# Possible psuedotropheus saulosi?



## pamer (Jul 15, 2008)

I bought this fish in a local store's mixed african tank. It originally was light to med. blue with dark stripes. Approx 4-6 months ago he turned yellow with faded stripes. Is he a male saulosi who reverted to female colors due to being non-dominant. He resides with several red zebras, peacocks, a lab and joanjohnsonae. If not a saulosi, what is he/she? Thanks for your help.


----------



## CICHLUDED (Aug 4, 2006)

That is a Metriaclima lombardoi (Kenyi) Male....


----------



## noki (Jun 13, 2003)

CICHLUDED said:


> That is a Metriaclima lombardoi (Kenyi) Male....

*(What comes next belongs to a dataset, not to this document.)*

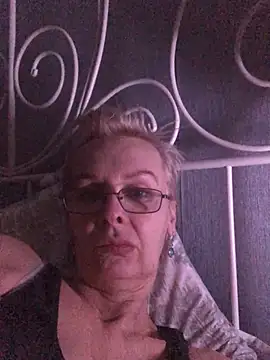 HelgaHimmell online show from 03/12/26, 04:11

yes, cleary and nice color for one that is "non-dominant". Usually the Kenyi would become one of the top fish


----------



## RedHaze (Oct 20, 2007)

one more for Metriaclima Lombardoi. Saulosi males will turm from yellow to blue, and the Lombardoi males turm from blue to yellow.


----------



## pamer (Jul 15, 2008)

Thanks so much, I'm posting a few other fish that I am not sure about, again from a large mixed chiclid tank at the local aquarium. I've just been trying to ID them from pics.


----------



## NYjets51 (Feb 10, 2008)

I see on your tanks you have a 55 gallon, thats gonna be a problem, it is recomended that kenyi be in a 5 foot tank minimum


----------